Si el Estado sigue sin pagar, a fin de mes paran todas las obras públicas

Este artículo tiene 13 años de antigüedad
Imagen sin descripción

Si para fines de este mes Hacienda sigue sin pagar a las contratistas del Ministerio de Obras Públicas, todas las construcciones que el Gobierno de Federico Franco puso en marcha con bombos y platillos quedarán paralizadas, advirtieron ayer Carlos Tatton y Francisco Griñó, de la Cámara Paraguaya de la Construcción (Capaco). Piden una urgente solución.

La situación es gravísima y, al parecer, las autoridades nacionales no están dimensionando el problema, señaló Francisco Griñó. Si este fin de mes no se encuentra una solución efectiva, el escenario será crítico para julio, aseveró.

El constructor, propietario de la firma TyC, tiene certificados de pago pendientes desde octubre y en otros desde diciembre. Entre las obras de esta empresa figuran la Costanera de Asunción y el asfaltado del tramo Presidente Franco-Hernandarias, encarados por el Ministerio de Obras Públicas y Comunicaciones (MOPC).

“Queremos que Hacienda se sincere, que nos diga ‘estos son los fondos disponibles y estas son las obras que podrán terminarse y estas otras, no’, para que cada uno trabaje en la medida que pueda. Hace dos meses nos dicen que van a solucionar el caso, pero hasta ahora no nos solucionan. Nos están dejando a la deriva”, enfatizó.

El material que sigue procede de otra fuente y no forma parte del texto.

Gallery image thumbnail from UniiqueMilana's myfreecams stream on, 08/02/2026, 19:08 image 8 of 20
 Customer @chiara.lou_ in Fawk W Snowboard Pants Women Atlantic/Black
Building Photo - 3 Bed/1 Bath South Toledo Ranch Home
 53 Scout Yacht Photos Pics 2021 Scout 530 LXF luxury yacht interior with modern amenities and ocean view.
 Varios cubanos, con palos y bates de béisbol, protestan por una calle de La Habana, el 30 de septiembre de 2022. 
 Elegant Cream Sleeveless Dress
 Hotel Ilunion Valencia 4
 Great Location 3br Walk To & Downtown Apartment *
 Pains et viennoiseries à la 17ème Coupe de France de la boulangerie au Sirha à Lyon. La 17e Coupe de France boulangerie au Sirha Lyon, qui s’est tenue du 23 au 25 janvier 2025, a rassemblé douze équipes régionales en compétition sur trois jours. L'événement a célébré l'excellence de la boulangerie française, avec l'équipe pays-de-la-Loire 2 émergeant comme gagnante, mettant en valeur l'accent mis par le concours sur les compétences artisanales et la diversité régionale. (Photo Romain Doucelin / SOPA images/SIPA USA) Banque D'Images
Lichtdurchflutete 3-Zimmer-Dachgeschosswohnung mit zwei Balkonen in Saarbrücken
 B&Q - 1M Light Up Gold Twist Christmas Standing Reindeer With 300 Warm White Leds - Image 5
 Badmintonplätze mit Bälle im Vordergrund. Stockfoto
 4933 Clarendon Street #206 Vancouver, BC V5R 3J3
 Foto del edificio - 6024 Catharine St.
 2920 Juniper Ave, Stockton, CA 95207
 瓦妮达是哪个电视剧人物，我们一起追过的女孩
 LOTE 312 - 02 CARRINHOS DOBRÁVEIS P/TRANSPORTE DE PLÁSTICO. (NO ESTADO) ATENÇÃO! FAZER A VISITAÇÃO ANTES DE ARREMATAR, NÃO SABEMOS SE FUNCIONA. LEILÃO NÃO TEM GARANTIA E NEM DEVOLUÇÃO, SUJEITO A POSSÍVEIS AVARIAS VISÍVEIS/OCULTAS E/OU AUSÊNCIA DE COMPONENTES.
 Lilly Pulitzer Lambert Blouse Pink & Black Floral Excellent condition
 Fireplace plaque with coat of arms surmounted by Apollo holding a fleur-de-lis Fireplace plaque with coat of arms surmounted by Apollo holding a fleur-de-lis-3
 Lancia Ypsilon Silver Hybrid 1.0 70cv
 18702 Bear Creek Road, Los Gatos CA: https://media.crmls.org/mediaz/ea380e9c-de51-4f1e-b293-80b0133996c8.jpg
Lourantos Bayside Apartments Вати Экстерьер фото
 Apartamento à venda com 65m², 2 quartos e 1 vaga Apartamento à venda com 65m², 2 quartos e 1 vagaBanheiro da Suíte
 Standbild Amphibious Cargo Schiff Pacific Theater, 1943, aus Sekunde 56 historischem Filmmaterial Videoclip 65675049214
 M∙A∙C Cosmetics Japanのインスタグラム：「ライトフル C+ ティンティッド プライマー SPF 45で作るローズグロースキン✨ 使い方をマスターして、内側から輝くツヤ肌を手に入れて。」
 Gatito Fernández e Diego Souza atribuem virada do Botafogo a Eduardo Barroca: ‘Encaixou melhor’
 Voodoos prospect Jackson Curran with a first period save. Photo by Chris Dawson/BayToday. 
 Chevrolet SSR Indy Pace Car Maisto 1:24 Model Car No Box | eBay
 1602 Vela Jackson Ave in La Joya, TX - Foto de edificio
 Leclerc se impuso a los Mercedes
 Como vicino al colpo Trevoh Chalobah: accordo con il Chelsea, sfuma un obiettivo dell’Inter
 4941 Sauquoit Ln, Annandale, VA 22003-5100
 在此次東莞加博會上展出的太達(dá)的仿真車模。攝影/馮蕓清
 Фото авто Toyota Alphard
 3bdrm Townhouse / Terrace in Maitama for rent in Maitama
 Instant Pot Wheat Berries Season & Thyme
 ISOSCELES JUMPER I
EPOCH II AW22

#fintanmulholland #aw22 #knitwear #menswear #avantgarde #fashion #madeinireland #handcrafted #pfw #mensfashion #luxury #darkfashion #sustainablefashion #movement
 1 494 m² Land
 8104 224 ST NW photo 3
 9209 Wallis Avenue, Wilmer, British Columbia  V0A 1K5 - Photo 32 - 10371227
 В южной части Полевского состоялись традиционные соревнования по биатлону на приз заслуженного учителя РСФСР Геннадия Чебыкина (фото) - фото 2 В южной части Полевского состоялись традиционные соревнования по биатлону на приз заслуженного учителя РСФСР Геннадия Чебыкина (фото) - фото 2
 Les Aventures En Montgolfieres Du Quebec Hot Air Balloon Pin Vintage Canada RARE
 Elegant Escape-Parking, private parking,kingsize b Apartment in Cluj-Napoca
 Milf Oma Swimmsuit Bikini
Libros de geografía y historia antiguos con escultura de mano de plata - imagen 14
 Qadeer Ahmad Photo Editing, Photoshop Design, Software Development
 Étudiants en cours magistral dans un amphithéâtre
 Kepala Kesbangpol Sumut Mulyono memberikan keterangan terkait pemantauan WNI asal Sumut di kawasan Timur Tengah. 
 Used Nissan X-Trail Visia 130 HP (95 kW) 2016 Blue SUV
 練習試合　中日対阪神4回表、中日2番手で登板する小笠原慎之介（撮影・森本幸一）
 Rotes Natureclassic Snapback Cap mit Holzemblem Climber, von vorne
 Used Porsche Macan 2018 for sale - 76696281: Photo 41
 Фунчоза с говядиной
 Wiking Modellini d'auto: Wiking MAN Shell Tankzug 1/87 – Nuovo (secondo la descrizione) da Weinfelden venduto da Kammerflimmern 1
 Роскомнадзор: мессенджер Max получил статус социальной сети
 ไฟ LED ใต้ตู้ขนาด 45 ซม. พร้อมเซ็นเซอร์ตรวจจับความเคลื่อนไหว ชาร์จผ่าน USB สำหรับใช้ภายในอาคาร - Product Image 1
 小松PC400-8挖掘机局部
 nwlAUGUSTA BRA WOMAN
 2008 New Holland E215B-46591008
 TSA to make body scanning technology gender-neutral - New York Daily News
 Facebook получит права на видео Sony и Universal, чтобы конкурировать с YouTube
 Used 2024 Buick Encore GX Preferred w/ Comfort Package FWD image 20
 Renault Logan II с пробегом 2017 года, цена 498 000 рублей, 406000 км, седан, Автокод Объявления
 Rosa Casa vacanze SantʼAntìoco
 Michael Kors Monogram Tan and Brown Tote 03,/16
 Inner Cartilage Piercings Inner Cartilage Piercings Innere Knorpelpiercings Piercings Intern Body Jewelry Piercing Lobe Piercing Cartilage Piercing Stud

Añadió que para colmo de males, el ministro de Hacienda, Manuel Ferreira, ni siquiera recibe a los empresarios de este rubro: “Es muy informal e irresponsable de su parte no sincerarse con el sector de la construcción, sabiendo que este sector distribuye ganancias muy rápidamente a la economía”.

Por su parte, Carlos Tatton, titular de la empresa Constructa SA, señaló que la situación se está volviendo insostenible. “Disminuimos el ritmo de las construcciones, reducimos el número de obreros y cuando no podamos más económicamente, pararemos las obras”, dijo.

Esta empresa se encarga de la construcción de empedrados en La Colmena-Ybytymí, en Itapé-Villarrica y también el emblemático acueducto para el Chaco, que no avanza porque no hay dinero para comprar tubos.

Según lo señalado por el empresario, las firmas están manteniéndose con millonarios préstamos que hicieron de los bancos, ante el anuncio del Gobierno nacional de numerosas inversiones en infraestructura.

El ministro de Obras Públicas, Enrique Salyn Buzarquis, se destacó por las paladas iniciales realizadas a lo largo y ancho de todo el país, actos que fueron meros gestos propagandísticos, porque esas obras están a un paso de paralizarse, expresó. “No sabemos qué pasa con la recaudación de Aduanas. No sabemos qué pasó con la plata del Fonacide, los US$ 250 millones. Pedimos audiencia con el ministro de Hacienda para que nos explique qué está sucediendo, pero no tenemos ninguna noticia de él”, dijo.

Según Tatton, nunca antes se llegó a una situación igual, en la que es tanto el retraso en los pagos y tanta la escasez de fondos, que Obras Públicas se niega a recibir nuevos certificados. Hasta el momento, está pendiente el pago de más de G. 400.000 millones a las contratistas.

100.000 obreros afectados

Todas las obras de infraestructura encaradas por los diferentes organismos del Estado emplean a alrededor de 100.000 obreros, según la estimación de la Capaco. De ahí la urgencia por conseguir fondos para las construcciones públicas, ya que no hacerlo, todos estos compatriotas se verán perjudicados.

El gremio pone en duda el argumento de la falta de fondos por baja recaudación; no obstante, tiene algunas propuestas para paliar la situación. Por ejemplo, utilizar el dinero de los bonos para obras iniciadas y no para las nuevas, de modo a terminar y no dejar a medias los trabajos. Otra opción es concesionar las Rutas II y VII y usar el dinero previsto para estas para otras construcciones.